Doch das spielte keine Rolle. Denn seit 1980 gibt es im Stuhrer Rathaus den Willkommensspruch „Vive làmitie franco-allemande“, der im zweijährlichen Wechsel zwischen Ecommoy und Stuhr mit vielen herzlichen Umarmungen und längst gewachsenen Freundschaften bestätigt wird.

Stefan Hoyer und sein Komitee des erfreulich lebendigen Jugendaustauschs hatten sich zur Erkennung einheitliche Jacken mit Namen zugelegt. Dazu passten Buttons und Armbändern für alle Teilnehmer aus Frankreich. Im Bus saßen schließlich 60 Jugendliche im Alter von 14 bis 18 Jahren und ihre Betreuer. Für die kommende, sehr abwechslungsreiche Woche wurden sie in Gastfamilien des FTSV Jahn, des BSV Brinkum und des Brinkumer Schützenvereins untergebracht.

Viele kannten sich schon von vorherigen Begegnungen, etwas kribbelig waren die Erstlinge.

„Der Bus ist gerade von der Autobahn runter und kommt gleich“, verkündete Stefan Hoyer. „Das kenne ich so von den Franzosen“, und schließlich saß ja auch sein Freund Philipp Breton den größten Teil der Strecke am Steuer des Busses. Der bewies seine Fahrkunst beim Einparken auf dem dicht besetzten Platz vor dem Rathaus. Szenenapplaus gab es für die gekonnte Leistung.

„Ca vas, très bien, salut“ nahm sich die ältere Fraktion herzlich in die Arme. Die Jugendlichen hatten sich kleine französische Fahnen auf die Wangen gemalt und standen abwartend in der bunten Gruppe. Das Gewusel wurde im Rathaus von Stuhrs stellvertretenden Bürgermeisterin Sigrid Rother begrüßt.
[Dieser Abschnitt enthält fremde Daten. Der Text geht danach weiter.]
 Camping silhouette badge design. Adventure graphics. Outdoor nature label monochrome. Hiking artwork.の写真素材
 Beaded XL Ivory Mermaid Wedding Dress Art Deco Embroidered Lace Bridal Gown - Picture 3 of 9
Sie freute sich über die lebendige Freundschaft mit bislang über 1 600 Besuchern in den vergangenen 37 Jahren und dem damit verbundenem Wissen, Frieden und Freiheit mit Leben zu erfüllen. Ihr Dank richtete sich an die Gastgeber und Organisatoren, die wieder ein abwechslungsreiches Programm auf die Beine gestellt haben. Sportliches, Jugenddisco, der Heidepark, Bowlen, Luftgewehr, Schwarzlicht-Minigolf und Shopping mit vielen privaten Ausflügen stehen in der kommenden Woche auf dem Programm.

Mit kleinen müden Augen waren die französischen Gäste angekommen und mit kleinen müden Augen sollen sie auch hinsichtlich der vielen Eindrücke wieder abfahren, versprach Stefan Hoyer.